1-2 Both verses begin with the particle lā, which usually indicates negation, but can also indicate an emphatic expression when taking an oath. Hence v. 2 is interpreted by some commentators to mean, “I do not swear by the blaming soul” (Aj, Sh), though the translation given reflects the predominant interpretation of lā as an emphatic particle. The blaming soul is considered the middle state of the human soul in the process of spiritual growth, between the soul that commands to evil (12:53) and the soul at peace (89:27); see 12:53c; 89:27c. It is called the blaming soul because it recognizes the shortcomings of the lower concupiscent soul and chastises it in order to transform it into the soul at peace, which returns unto the Lord content, contenting (89:28); see 89:27-30c.

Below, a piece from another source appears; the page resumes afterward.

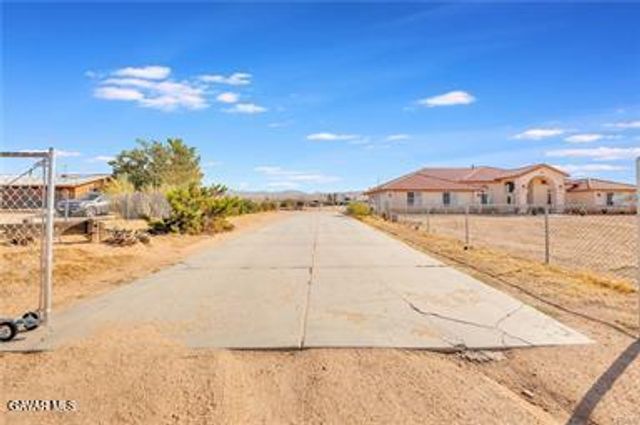 23675 Colony Road, Apple Valley, CA 92308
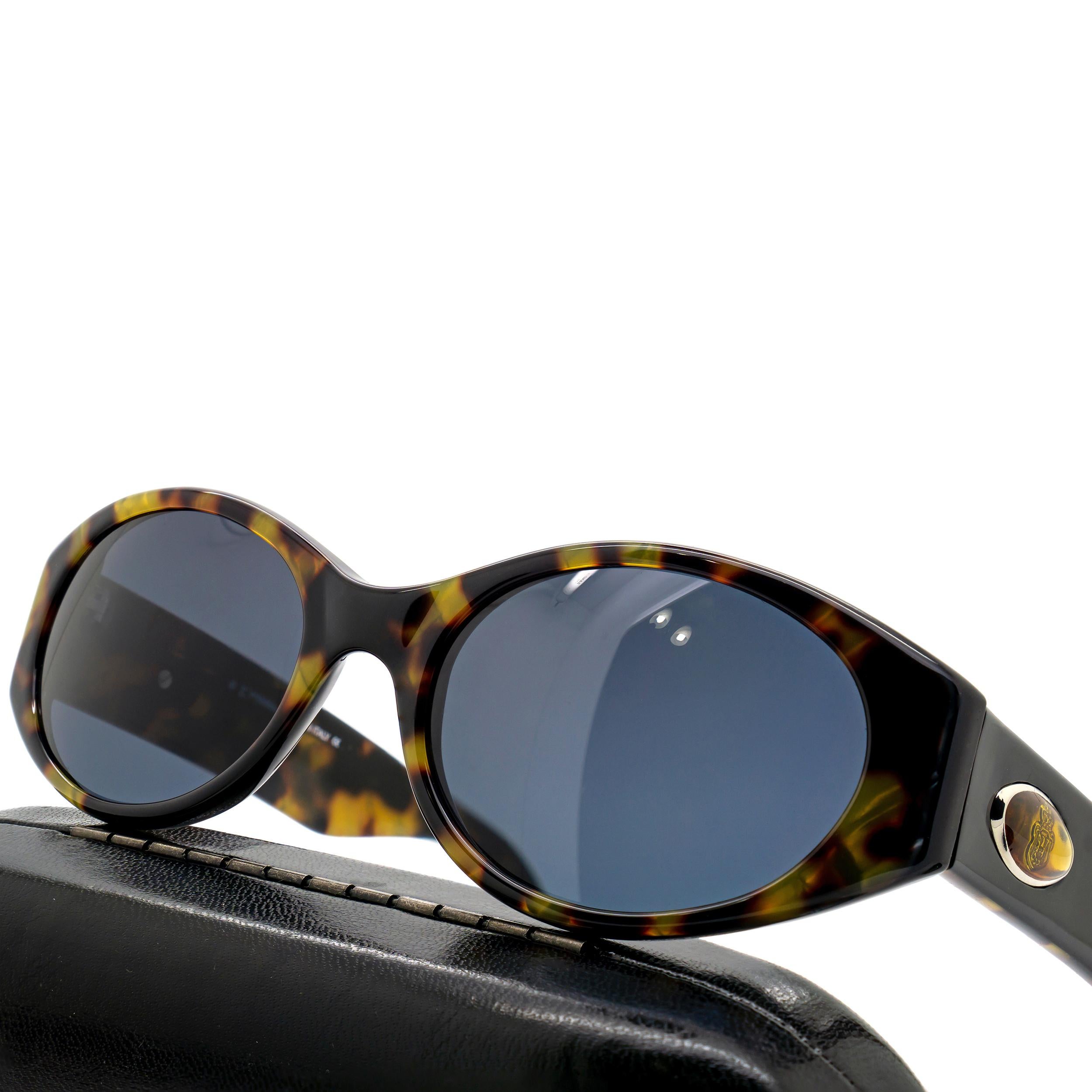 Lunettes de soleil vintage Von Furstenberg Unisexe en vente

Every soul is believed to be capable of recognizing its shortcomings, as expressed in a ḥadīth, “There is no pious or profligate soul but that it blames itself on the Day of Resurrection; if it has done good, it says, ‘How did I not do more!’ And if it has done evil, it says, ‘Would that I had desisted!’” (Aj). Here, then, God swears by the reverent, God-fearing soul that blames itself for falling short, although it strives for obedience (Aj); a minority say, however, that it refers only to the soul of the disbeliever, which blames itself in the Hereafter (Sh). The blaming soul and the Day of Resurrection can thus be seen as intimately connected, not only by the role the quoted ḥadīth ascribes to the blaming soul on the Day of Resurrection, but also because both expose one’s faults—just as one is called to account for all of one’s lapses and shortcomings on the Day of Resurrection, so too does the blaming soul call one to account for them throughout the life of this world. Al-Ḥasan al-Baṣrī thus equates the blaming soul with the scrupulous soul that continually asks what it desires by its own actions (IK, Q, Sh). A minority suggest that “blaming” (lawwāmah) is related to talawwum, meaning “constantly shifting,” and indicates the fickle and capricious nature of the soul, which is happy, then sad, obedient, then disobedient, reverent, then heedless (Ibn Qayyim al-Jawziyyah, al-Rūḥ, 262).